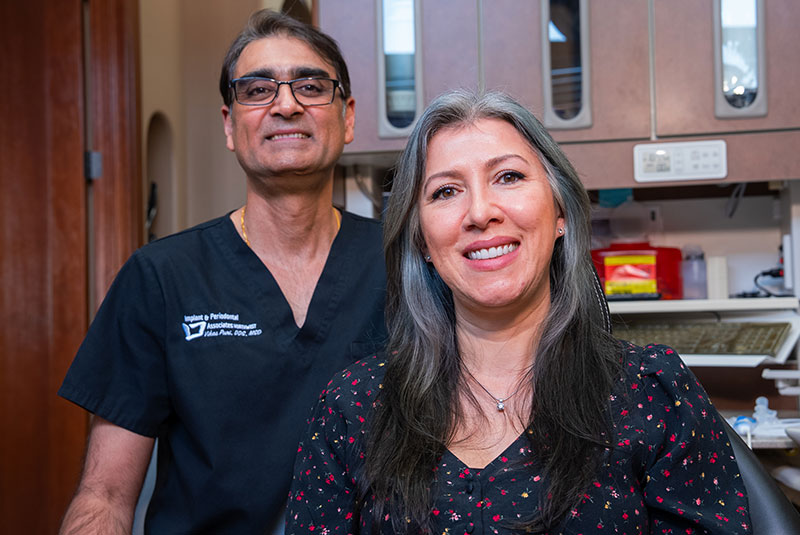 patient and doctor both smiling brightly after dental treatment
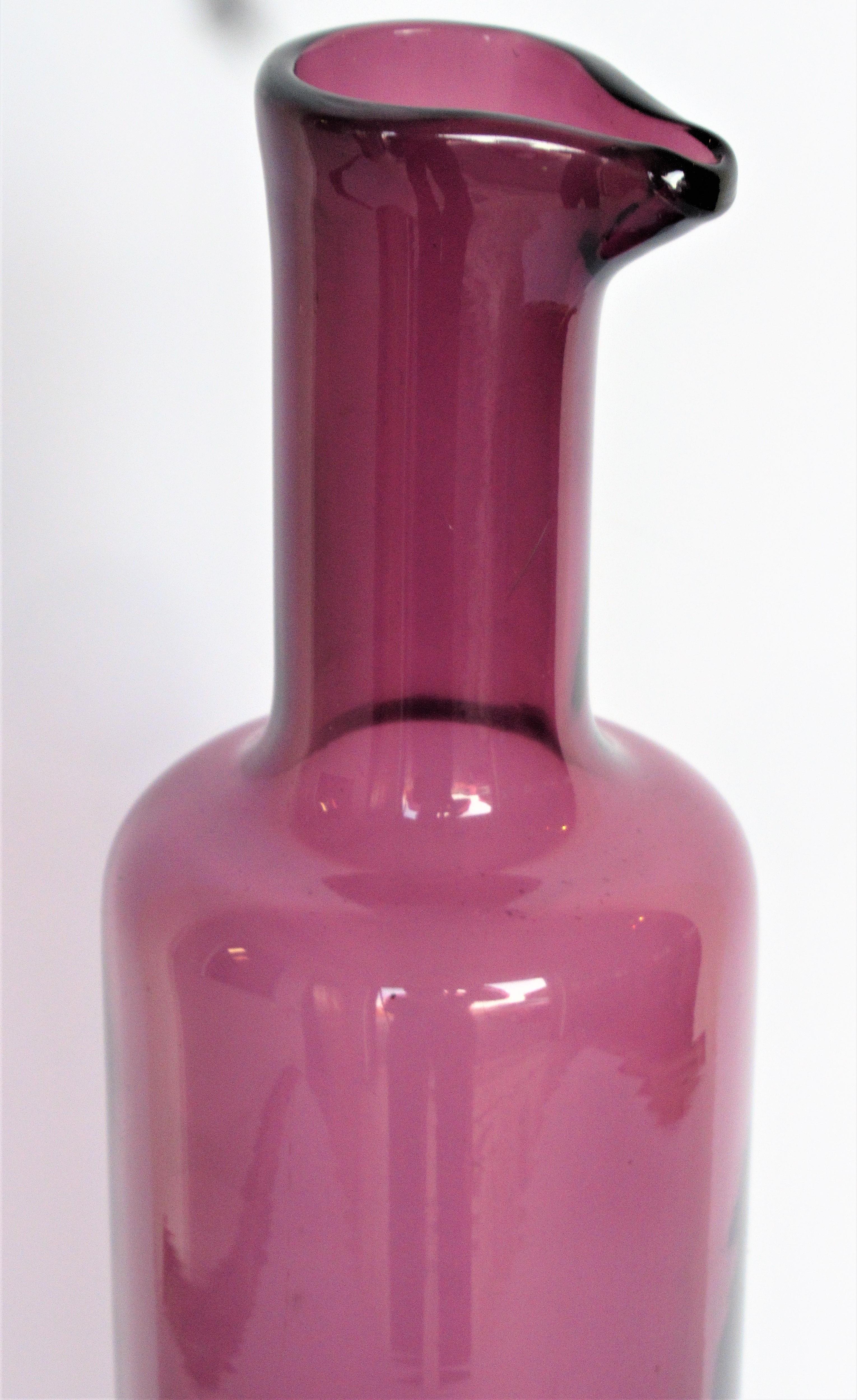 Handmade glass bottle by Nanny Still, Finland (1926-2009) The color of this bottle is called old rose. Diamond cut signed on underside bottom, Riihimaen Lasi Oy Nanny Still, Circa 1950s. Beautiful. Look at all pictures and read condition report in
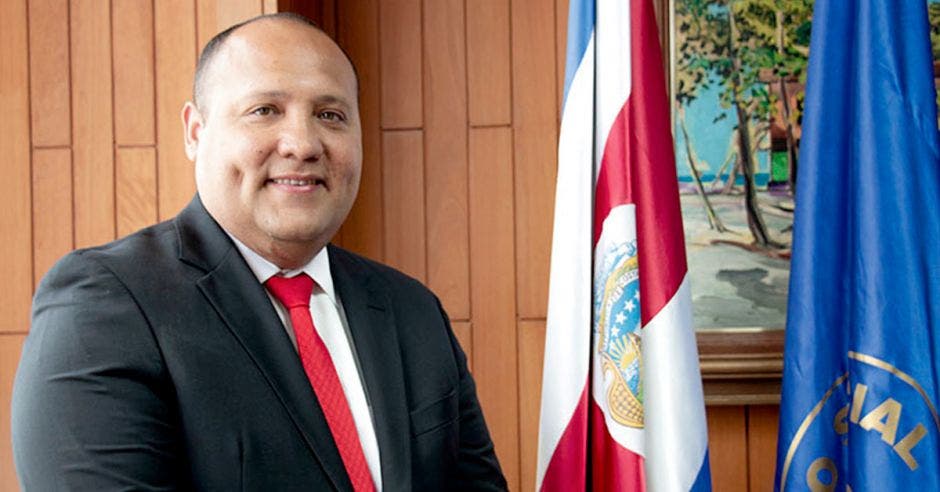 Un hombre posa junto a dos banderas, una de costa rica y otra color azul con el logo de la CCSS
▬▬▬
-- Aim of the task --
Every line between the one containing "Handmade glass bottle" and the end of the listing, both included, needs to be retyped exactly, minus the pictures.

-- Result for this task --
 Handmade glass bottle by Nanny Still, Finland (1926-2009) The color of this bottle is called old rose. Diamond cut signed on underside bottom, Riihimaen Lasi Oy Nanny Still, Circa 1950s. Beautiful. Look at all pictures and read condition report in
 Un hombre posa junto a dos banderas, una de costa rica y otra color azul con el logo de la CCSS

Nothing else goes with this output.